A l’enfant que je n’aurai pas / Linda Lê

Je suis pour elle l’exemple même de l’insuccès: désargentée, livresque, dépourvue de tout sens pratique, infichue de me dégoter un mari, nouant des liaisons peu durables, ayant des compagnons qui s’installent dans le provisoire, des amis insolvables, poursuivant des rêves irréalisables, ne possédant rien que je pourrais assigner à chacun de mes enfants (heureusement, j’ai quand même eu l’intelligence de ne pas en avoir), je suis une pauvrette aux prises avec les cruautés du sort, une perdante dans la course aux places, un bouche-trou voué à la figuration. (…) Et comment aurais-je subvenu à leurs prodigalités, moi qui suis une cigale, gaspillant mon avoir dans les librairies, moi qui tombe toujours amoureuse d’irresponsables sans fortune, moi qui n’ai pas un métier solide, mais qui ne suis qu’un écrivain dont les romans ne font pas un tabac?
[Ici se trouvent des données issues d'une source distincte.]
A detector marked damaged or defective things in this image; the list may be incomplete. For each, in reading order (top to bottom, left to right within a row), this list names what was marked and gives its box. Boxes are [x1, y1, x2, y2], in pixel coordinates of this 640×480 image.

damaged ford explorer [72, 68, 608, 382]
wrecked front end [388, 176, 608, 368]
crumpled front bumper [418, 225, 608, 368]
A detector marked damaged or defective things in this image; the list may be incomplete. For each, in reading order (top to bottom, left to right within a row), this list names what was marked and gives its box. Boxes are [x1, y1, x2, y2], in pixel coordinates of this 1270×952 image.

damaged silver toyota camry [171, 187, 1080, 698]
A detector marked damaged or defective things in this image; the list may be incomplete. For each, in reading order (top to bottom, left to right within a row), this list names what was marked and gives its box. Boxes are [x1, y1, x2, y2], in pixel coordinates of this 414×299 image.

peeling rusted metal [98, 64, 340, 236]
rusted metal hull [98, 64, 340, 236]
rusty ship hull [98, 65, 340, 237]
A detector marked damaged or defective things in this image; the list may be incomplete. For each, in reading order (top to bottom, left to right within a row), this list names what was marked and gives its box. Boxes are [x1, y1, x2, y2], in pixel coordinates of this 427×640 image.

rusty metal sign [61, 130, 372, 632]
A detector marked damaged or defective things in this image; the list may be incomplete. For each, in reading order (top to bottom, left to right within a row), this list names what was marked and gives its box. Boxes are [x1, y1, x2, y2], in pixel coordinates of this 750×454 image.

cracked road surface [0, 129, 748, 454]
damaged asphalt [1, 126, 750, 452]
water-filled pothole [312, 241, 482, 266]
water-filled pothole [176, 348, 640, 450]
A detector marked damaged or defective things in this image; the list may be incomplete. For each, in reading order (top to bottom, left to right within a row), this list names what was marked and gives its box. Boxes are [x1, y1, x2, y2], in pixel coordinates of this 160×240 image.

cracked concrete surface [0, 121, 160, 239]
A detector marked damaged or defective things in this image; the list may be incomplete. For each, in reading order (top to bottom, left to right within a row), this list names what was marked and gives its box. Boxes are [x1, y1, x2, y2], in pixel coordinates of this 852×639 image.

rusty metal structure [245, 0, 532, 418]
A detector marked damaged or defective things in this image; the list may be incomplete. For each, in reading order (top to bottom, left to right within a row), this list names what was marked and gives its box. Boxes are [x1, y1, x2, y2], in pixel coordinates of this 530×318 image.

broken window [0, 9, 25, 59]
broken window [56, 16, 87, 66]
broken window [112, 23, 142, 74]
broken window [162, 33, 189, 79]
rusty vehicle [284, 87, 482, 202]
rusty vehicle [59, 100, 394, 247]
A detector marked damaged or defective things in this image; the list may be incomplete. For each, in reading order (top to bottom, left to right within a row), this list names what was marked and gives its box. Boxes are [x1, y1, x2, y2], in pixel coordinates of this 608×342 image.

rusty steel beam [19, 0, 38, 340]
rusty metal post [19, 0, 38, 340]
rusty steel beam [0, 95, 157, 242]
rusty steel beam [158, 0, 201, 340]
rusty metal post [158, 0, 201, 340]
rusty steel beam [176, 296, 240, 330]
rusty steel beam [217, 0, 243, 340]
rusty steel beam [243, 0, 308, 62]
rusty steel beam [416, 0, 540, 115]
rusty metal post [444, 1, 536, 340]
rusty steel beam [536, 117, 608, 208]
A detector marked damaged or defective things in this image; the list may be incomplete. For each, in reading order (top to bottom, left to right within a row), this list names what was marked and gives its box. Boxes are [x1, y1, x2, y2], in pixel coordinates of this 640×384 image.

Tu ne m’aurais pas pardonné de t’embringuer dans l’aléatoire, de te navrer en m’attelant à des tâches de longue haleine qui me tiendraient éloignée de toi, en abandonnant mon poste alors même que tu compterais sur mon secours, en trichant chaque fois que tu me sonderais sur la profondeur de mon attachement à toi, de ne pas avoir un atome de sagesse, un grain de débrouillardise, d’être moitié adolescente moitié sorcière, mais jamais assez adulte ni maîtresse de moi pour me désenvaser lorsque je serais sur un terrain bourbeux.

Dans un monde qui court au désastre,la procréation est un crime, occulter le non-sens de l’aventure terrestre en attribuant à sa postérité la vertu de pallier ses propres ratages, c’est faire preuve d’aveuglement.

Un individu qui se respecte ne se glorifie ni de son ascendance, ni de sa descendance.

Ces lignes sont une offrande,tu vogues toujours sur un esquif en papier, mais pour moi tu n’es pas une fantasmagorie,tu existes,tu es doué de vie.

Ni mère ni épouse, je m’échinais à être une trouveuse de la littérature sans adhérer à aucune chapelle. Ermite, je déjantais à force de faire le vide autour de moi. Indispensable à personne, j’avais contre les miens une suspicion pathogène. Asociale, je payais chèrement mon individualité. Anti-tout, je me momifiais. Monomane, j’étais d’une dinguerie pas piquée des hannetons. Absolue, j’excluais tout ce qui me handicapait, et avoir une famille aurait été une concession faite pour mettre aux oubliettes mes abdications.